120 km/h - taką prędkość udało się osiągnąć Jędrzejowi Dobrowolskiemu podczas dzisiejszego zjazdu z Kasprowego Wierchu. Narciarz swoim wyczynem oficjalnie zamknął sezon.
Rekordzista Polski w narciarstwie szybkim swój zjazd opisał jako "mały trening". Jędrzej Dobrowolski trzy razy zjechał nową trasą z Kasprowego Wierchu do Doliny Gąsienicowej. Okazało się jednak, że trasa jest zbyt krótka, a warunki nie są zbyt dobre, więc osiągnął prędkość jedynie 120 km/h. Tym samym nie udało mu się poprawić należącego od 35 lat do Jacka Niklińskiego rekordu Tatr (180,632 km/h).
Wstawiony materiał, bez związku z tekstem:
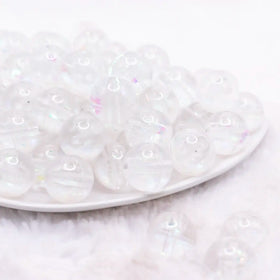 18mm White Glitter Acrylic Water Beads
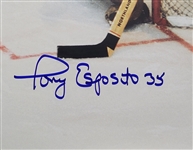 Lot of 3 Phil & Tony Esposito Autographed Bruins vs Blackhawks 16x20 Photos Beckett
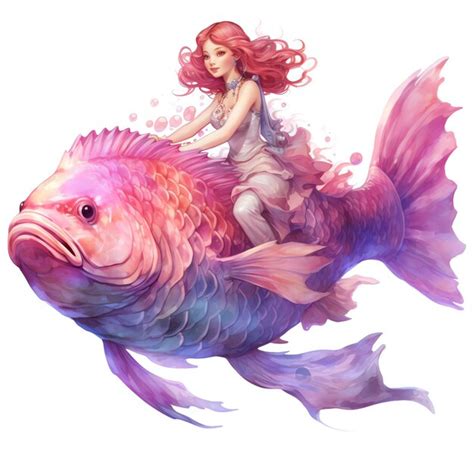 Premium Ai Image Beautiful Pink Mermaid Riding On The Back Of A Giant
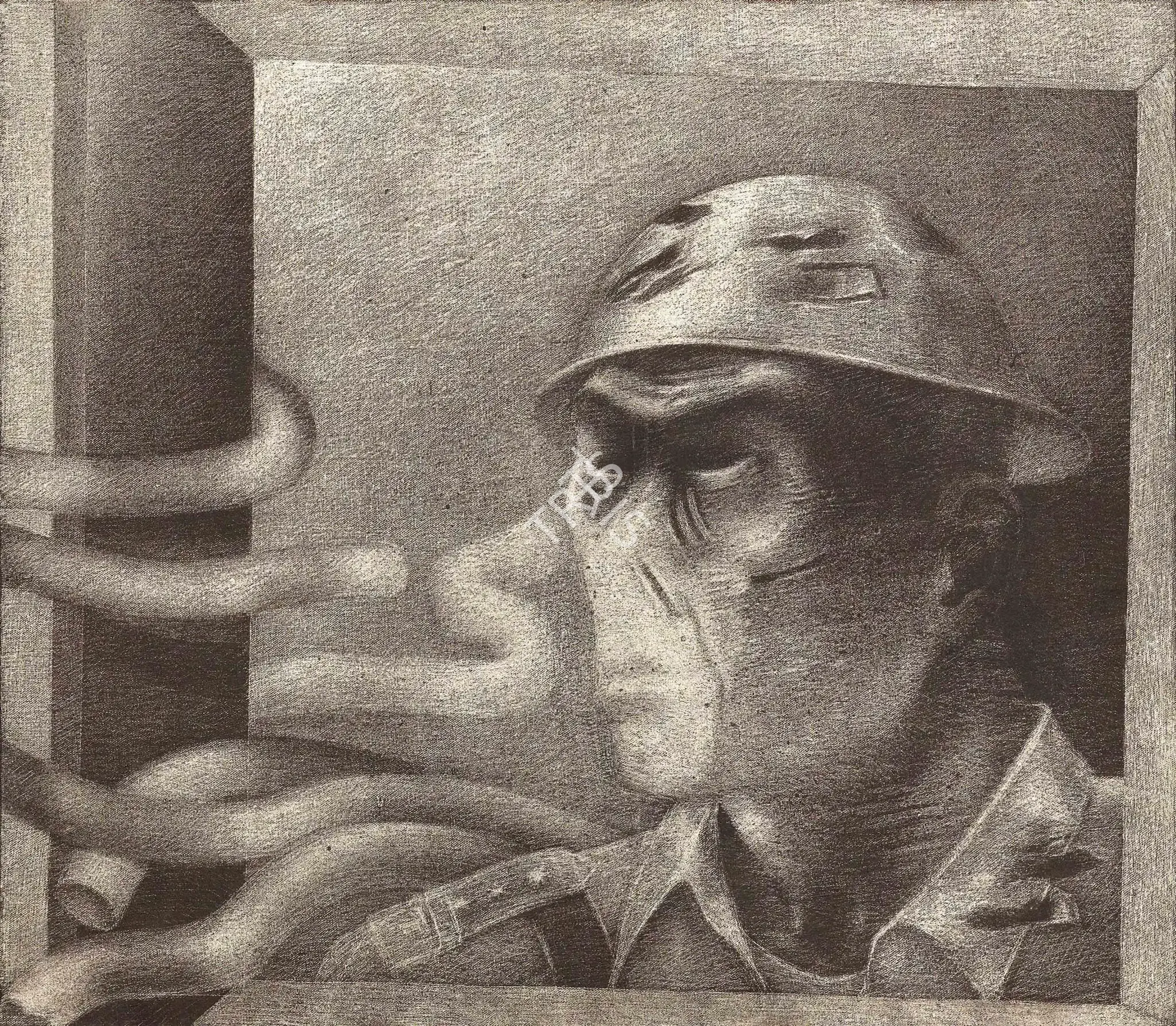 Broota, Rameshwar (Artist). Unidentified Soldier. Oil on canvas scraped with blade, 1990 | Painting | FineArts | 00645193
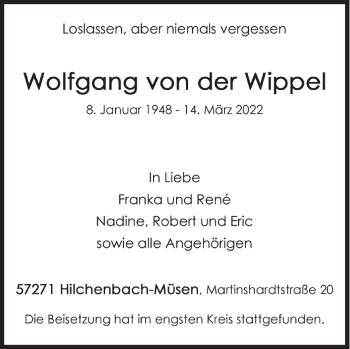Traueranzeige von Wolfgang von der Wippel von Siegener Zeitung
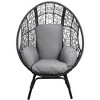 VisioGear Patio Egg Chairs with Side Table, Wicker Egg Chair with Oversized Semi-enclosed Cushion for Living Room Balcony, Black, 37.4"*53.5"*35.5" - 2 of 4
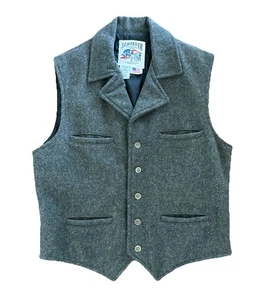 Schaefer Outfitter Vest Mens Medium Gray Wool Western Style 805 Made USA Cowboy - Picture 1 of 10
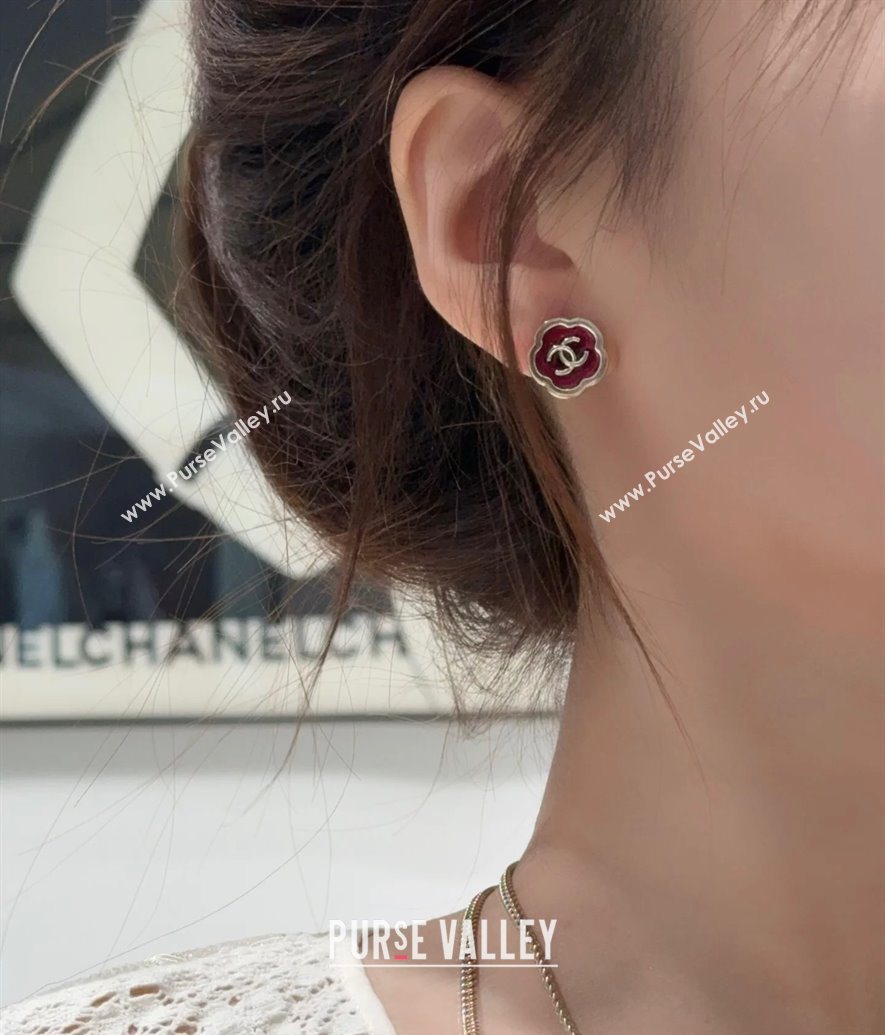 Chanel Red Bloom Studs Earrings 2025 0725 (YF-250725121)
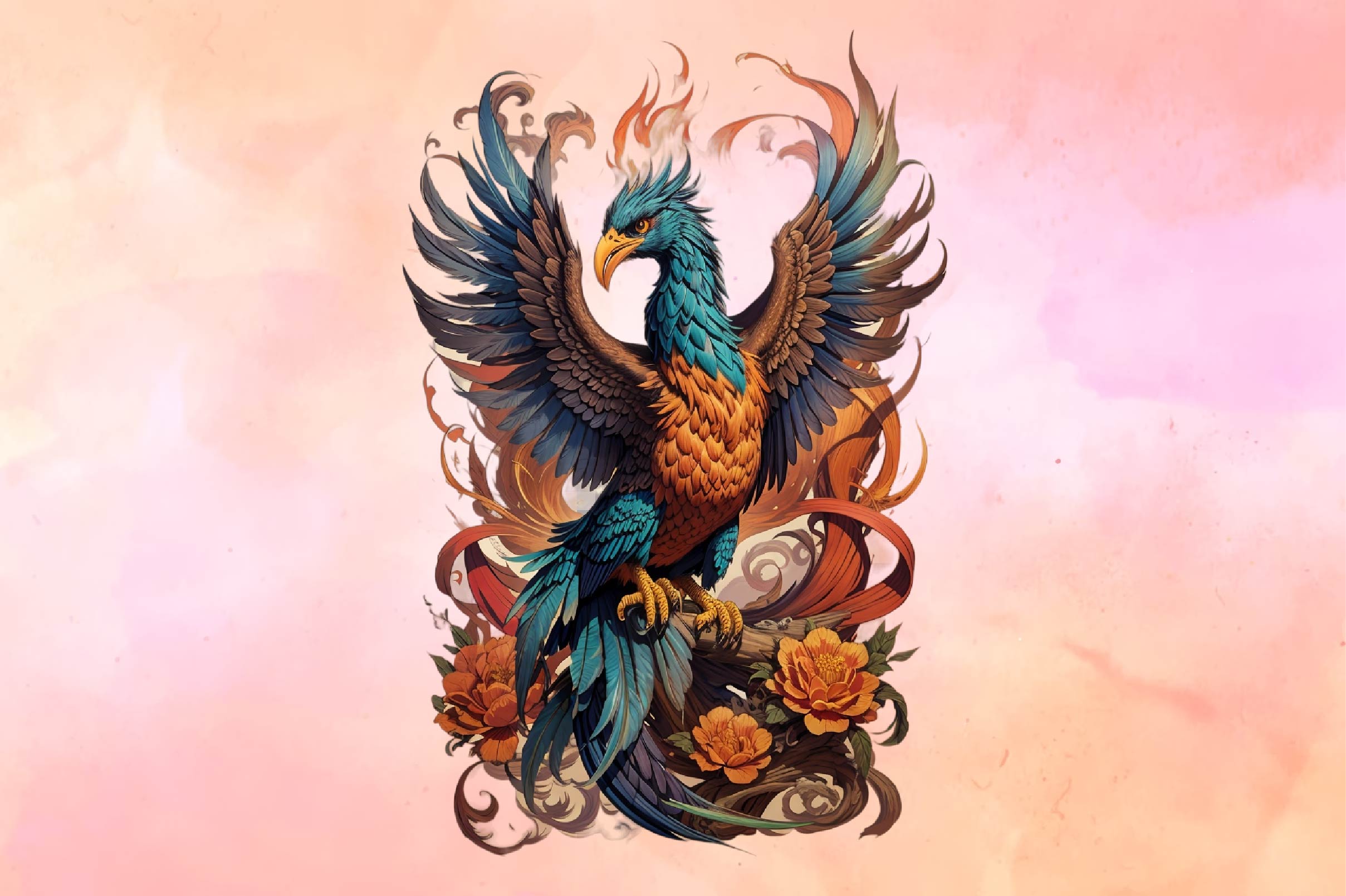 Phoenix Tattoo Realistic Old School Clipart Bundle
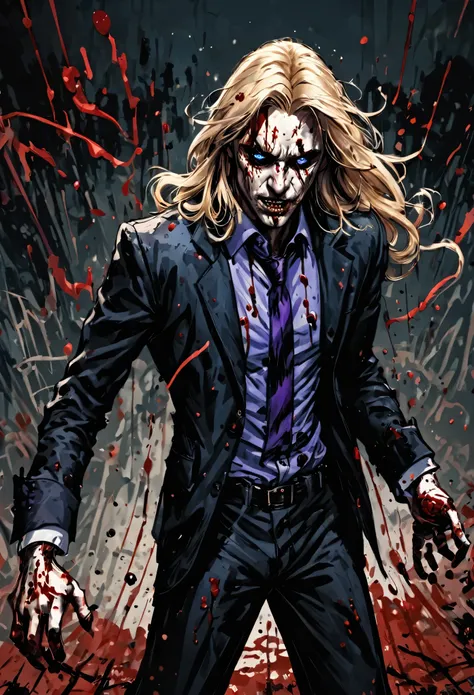 (masculine), (horrifying,shocking),blood-spattered man, male covered in blood,long flowing blond hair, , ((paled skin)) ,expressive eyes,dramatic lighting,gritty and intense,horror portrait,violent,splattered blood,dark and haunting background,close-up of ...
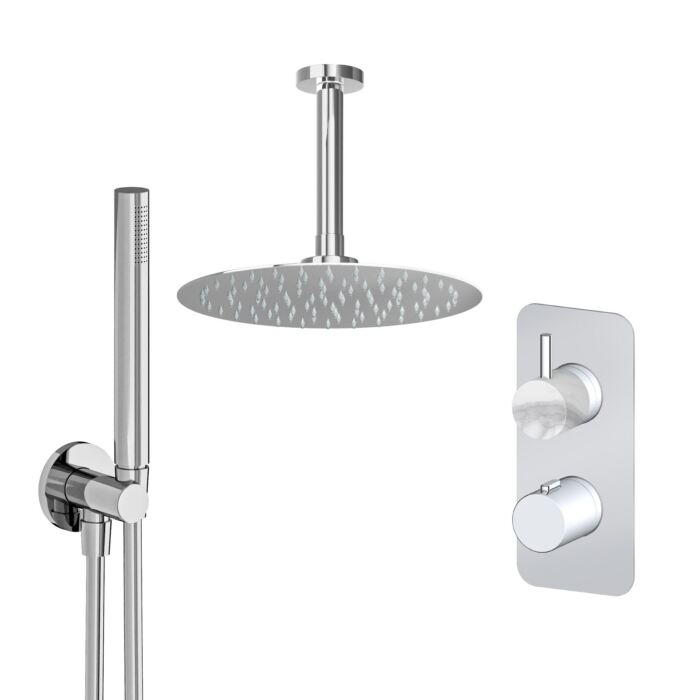 Concealed Thermostatic Valve, Shower Head, Ceiling Arm & Handset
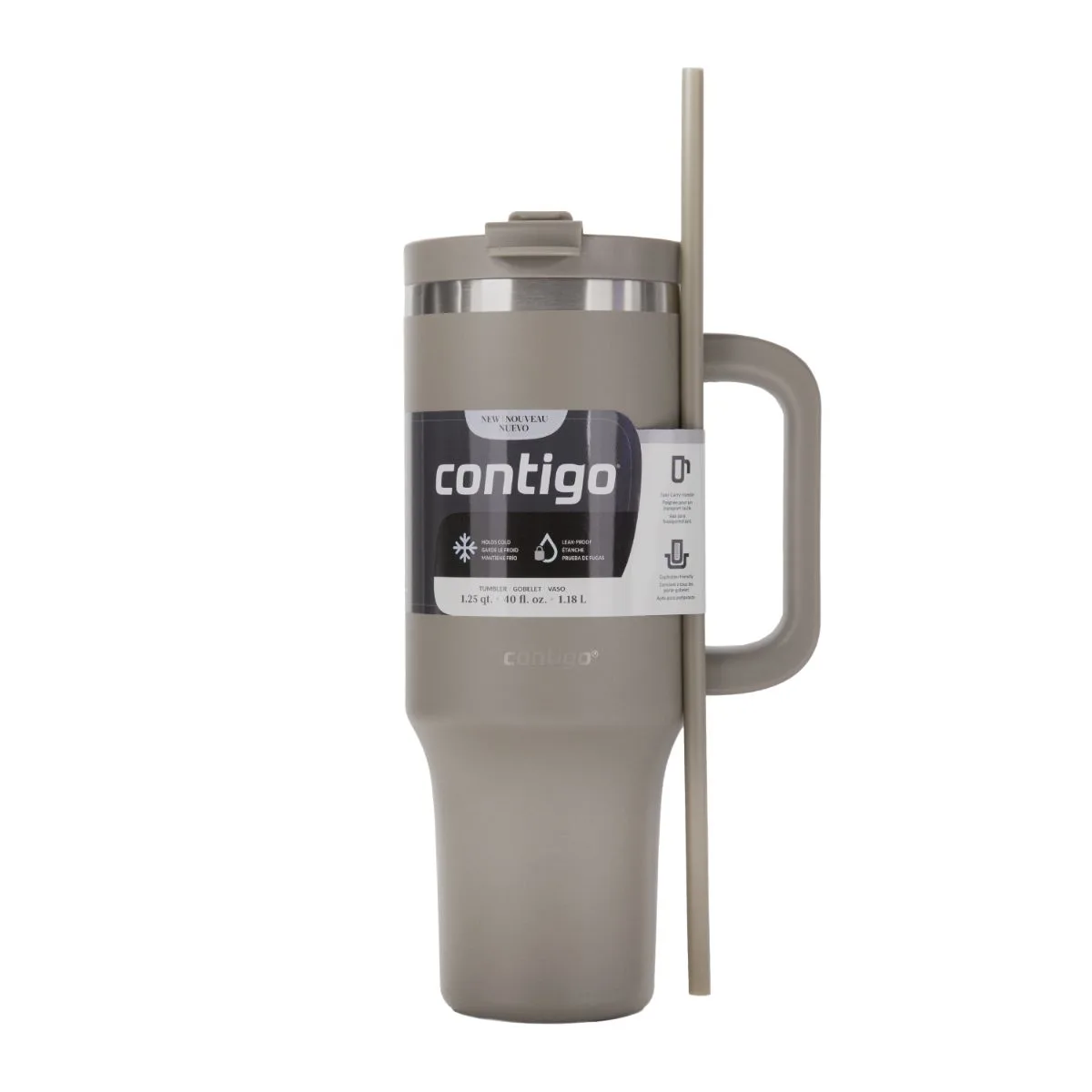 Vaso térmico Contigo gris topo con cuerpo cónico, asa lateral, tapa a juego y bombilla larga.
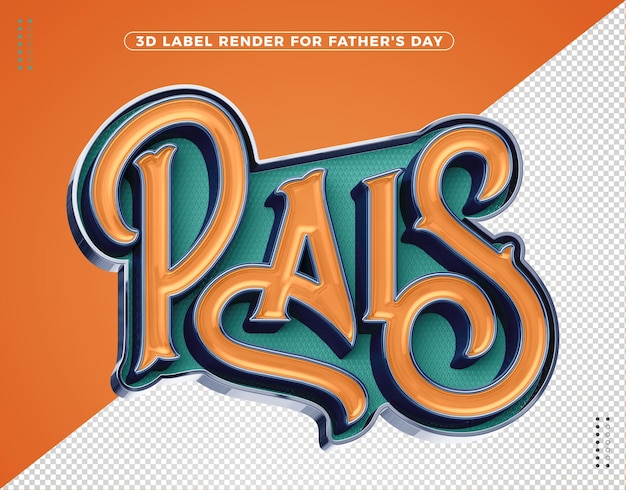 PSD gratuito logotipo 3d realista del día del padre naranja y verde para composiciones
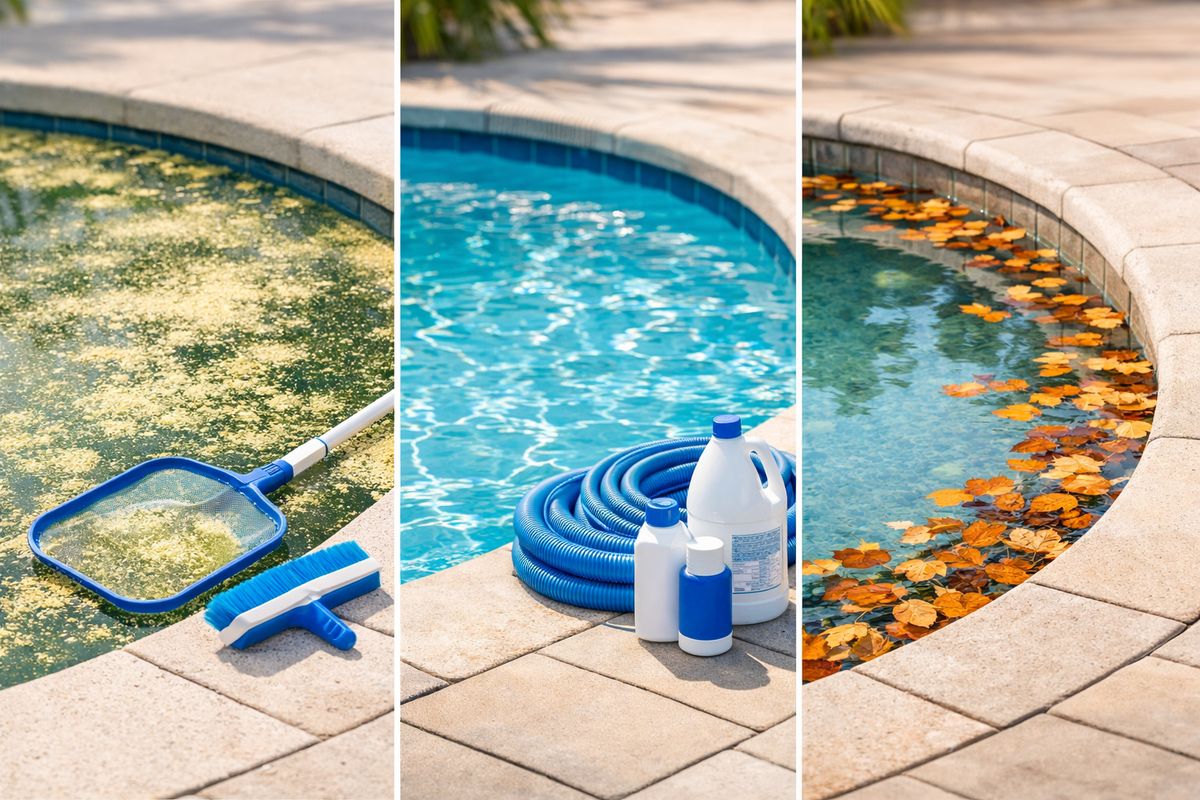 A Florida backyard pool scene split across seasons: spring pollen floating on the water near a net and brush, summer sunlight reflecting off a clear pool with a hose and chemical containers nearby, and fallen autumn leaves collecting along the surface near the pool coping and deck.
W ubiegłym roku także pogoda (silna mgła) pokrzyżowała Dobrowolskiemu plany. Udało się wtedy przeprowadzić jedynie dwie próby w kotle Goryczkowym, podczas których Zakopiańczyk uzyskał 151,07 i 160,10 km/h i ostatecznie do pobicia rekordu Tatr zabrakło mu ponad 20 km/h.
Teraz Jędrzej Dobrowolski prowadzi trening z młodymi adeptami narciarstwa, którzy spróbują swoich sił w Speed Ski.
Organizatorem wydarzenia "Kasprowy Speed Ski" są Polskie Koleje Linowe.